- Born: 1959 (age 66–67) California
- Occupation: Swimwear designer

= Rod Beattie (swimwear designer) =

American swimwear designer

Rod Beattie (1959) is an American swimwear designer. His swimsuit designs are sold at stores throughout the United States. Beattie designed for La Blanca and Anne Cole Collection for 25 years. He launched his own swimwear label, "Bleu/Rod Beattie", in the summer of 2011.

==Early life and education==
Beattie was born in California. Before he attended Otis College of Art and Design, he was part of his high school's swim team.

== Career ==
After graduation in 1986, Beattie designed sportswear at several contemporary houses in Los Angeles, including Theodore and Max Studio. In 1988 he began to design swimwear for La Blanca, helping the company to increase sales to about $30 million.

After six years with La Blanca, Beattie began on to design swimwear for the Anne Cole Collection, which at the time was a division of Warnaco. In March 1999, Beattie left Anne Cole Collection, joining La Blanca as head designer with his name now on the label.
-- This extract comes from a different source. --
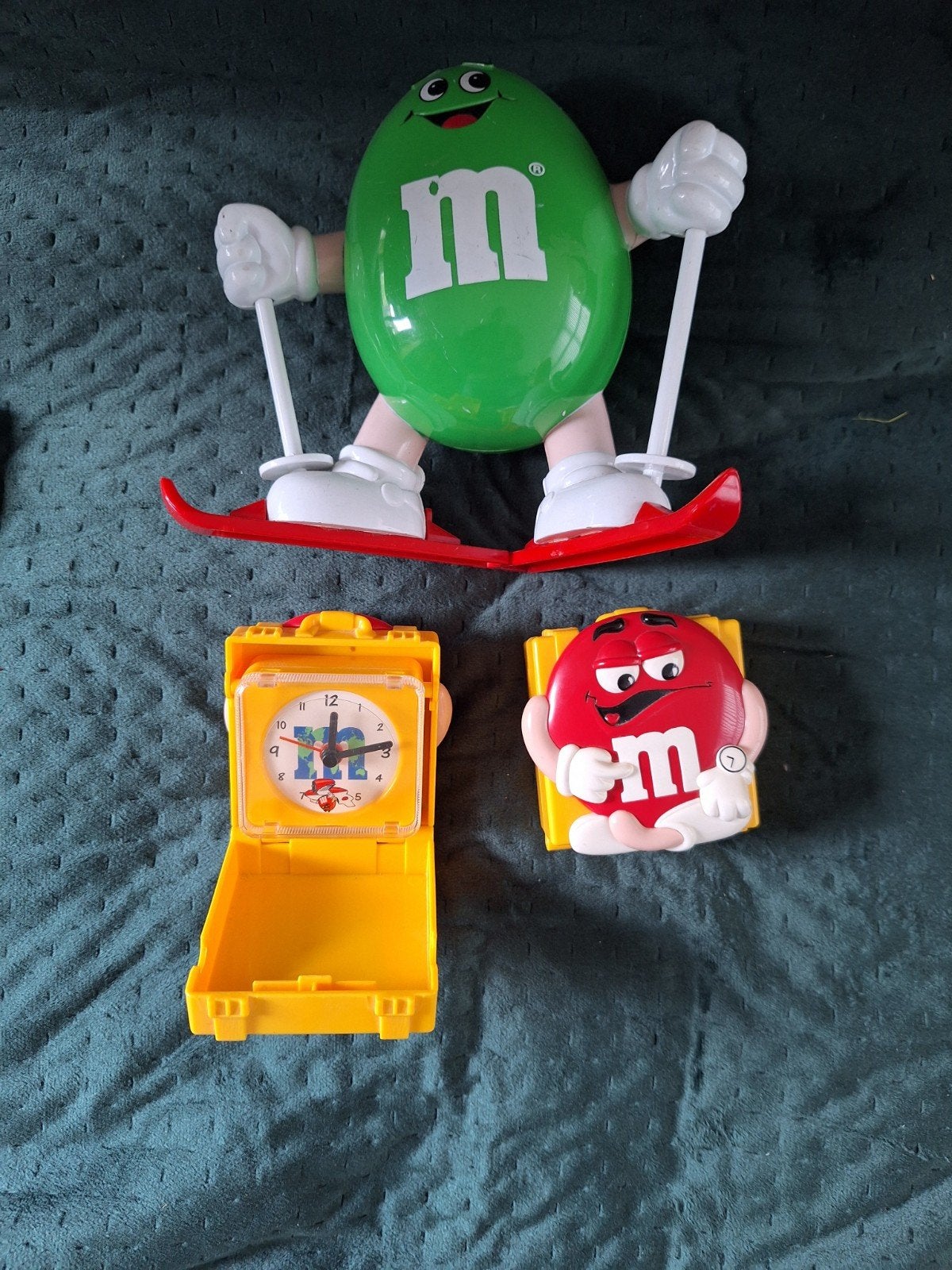 M&M's verzameling: skiër, wekkers, Ophalen, Gebruikt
For the next ten years, La Blanca by Rod Beattie was the top-selling retail swimwear label in the United States.

At the end of 2010, Beattie collaborated with swimwear manufacturer A. H. Schreiber to create a new swimwear brand "Bleu/Rod Beattie", with sales beginning in 2011.

In 2014 Beattie sold the Bleu/Rod Beattie line to Amerex Group.

== Special Projects ==

Beattie mentors students at Otis College of Art and Design, helping them develop swimwear designs during a semester long swimwear assignment which are showcased at an annual fashion show.